Despite faltering prospects for the world economy, globalisation is still increasing among a majority of the world’s 60 leading economies as they so far avoid descent into protectionism.

Almost two-thirds consider it likely that there will be a new global financial crisis, triggered by eurozone debt defaults

However, 90 per cent of business executives expect to see an increase in protectionist measures if the global economy slides into a double-dip recession, according to a report by Ernst & Young.

The third annual Ernst & Young globalisation report draws on two sources of original research: Ernst & Young’s Globalisation Index, which measures the world’s 60 largest economies according to their degree of globalisation relative to their GDP, and a survey of 1,000 senior business executives worldwide, conducted in late 2011, canvassing their thoughts on globalisation; as well as a forecast of global and regional GDP growth over the next four years.

While Ernst & Young forecasts that global GDP growth will be just 3.4 per cent in 2012, the index continues to predict that globalisation will continue to advance this year and up to 2015. This is most pronounced for medium-sized emerging markets like Vietnam, Malaysia, Mexico and Colombia and smaller European countries like Belgium, Denmark, Slovakia and Austria.

The UK and the US are the only major markets where the index forecasts a modestly declining globalisation score in the next three years due to both countries introducing immigration rules that will impact on the hiring of foreign nationals.

The only year in the past two decades when this trend paused globally was in 2009 at the height of the financial crisis. However, among the survey respondents, more than half think that a deteriorating economic environment will cause a dramatic increase in tit-for-tat protectionism.

James Turley, chairman and CEO of Ernst & Young said: “While globalisation continues apace regardless of weaker growth around the world, the spectre of protectionism remains a threat. Businesses and governments have to continue to make the case for globalisation as a positive force for economic and social good and avoid any descent into protectionism.”

The performance of the emerging markets, led by the BRIC countries, continues to offset sluggish growth in the developed world. Ernst & Young forecasts that the combined GDP of the emerging markets is set to grow by 5.3 per cent in 2012, continuing to outpace the developed world and increase their share in world GDP.

The GDP of emerging markets (measured on a purchasing power parity basis) could overtake that of the developed economies as early as 2014, with about 70 per cent of total world growth in the next few years coming from the emerging markets, of which over a half will be from China and India.

The outlook in Europe, where Ernst & Young forecasts essentially flat growth in 2012 even if the sovereign debt crisis is resolved, and in the US, where Ernst & Young is forecasting modest if below par growth of 2.5 per cent, is less positive.

The business executives surveyed were concerned about the current business outlook, highlighting a looming squeeze – slowing growth, increasing competition, significant operational complexity and shortages of talent in key markets – that they believe is diminishing business prospects.

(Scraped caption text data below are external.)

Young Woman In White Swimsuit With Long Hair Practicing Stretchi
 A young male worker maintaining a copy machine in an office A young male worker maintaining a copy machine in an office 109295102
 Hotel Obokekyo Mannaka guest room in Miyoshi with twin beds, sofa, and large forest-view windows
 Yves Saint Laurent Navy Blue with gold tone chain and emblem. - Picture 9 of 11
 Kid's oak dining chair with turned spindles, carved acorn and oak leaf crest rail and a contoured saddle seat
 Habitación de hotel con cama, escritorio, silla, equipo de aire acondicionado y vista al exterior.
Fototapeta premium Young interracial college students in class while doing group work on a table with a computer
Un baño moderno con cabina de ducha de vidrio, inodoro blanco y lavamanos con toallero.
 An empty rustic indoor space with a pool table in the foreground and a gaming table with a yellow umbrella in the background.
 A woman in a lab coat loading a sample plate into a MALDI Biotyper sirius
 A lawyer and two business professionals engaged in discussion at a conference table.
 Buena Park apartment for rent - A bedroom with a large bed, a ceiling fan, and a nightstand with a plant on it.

They were also more pessimistic than most economic forecasters. While they remained optimistic about the medium-term potential for emerging markets, slightly more than half of the senior executives questioned believed that the global economy is likely to fall back into recession by the end of 2012.

Almost two-thirds consider it likely that there will be a new global financial crisis, triggered by eurozone debt defaults. And almost 90 per cent of respondents expect to see an increase in protectionist measures if the global economy slides into a double-dip recession.

As well as the prospect of an increase in protectionism, the sovereign debt crisis in the Eurozone and the global economic slowdown have also raised the possibility of a new credit crunch as banks scale back lending against a backdrop of declining confidence in interbank markets.

John Ferraro, chief operating officer of Ernst & Young, said: “This daunting scenario presents many problems for global companies, not all of which possess the flexibility, responsiveness or skills needed to overcome them.

“Our research for this report has uncovered four fundamental business challenges that companies must navigate in the years ahead. These are complex and unlikely to be resolved quickly, but we believe businesses can tackle them with new responses that rely on flexibility, speed and unconventional thinking.”

The four challenges identified by Ernst & Young are: succeeding in rapid-growth markets is harder than it used to be; one size does not fit all markets; policy has become more important and less predictable; and good people are hard to find.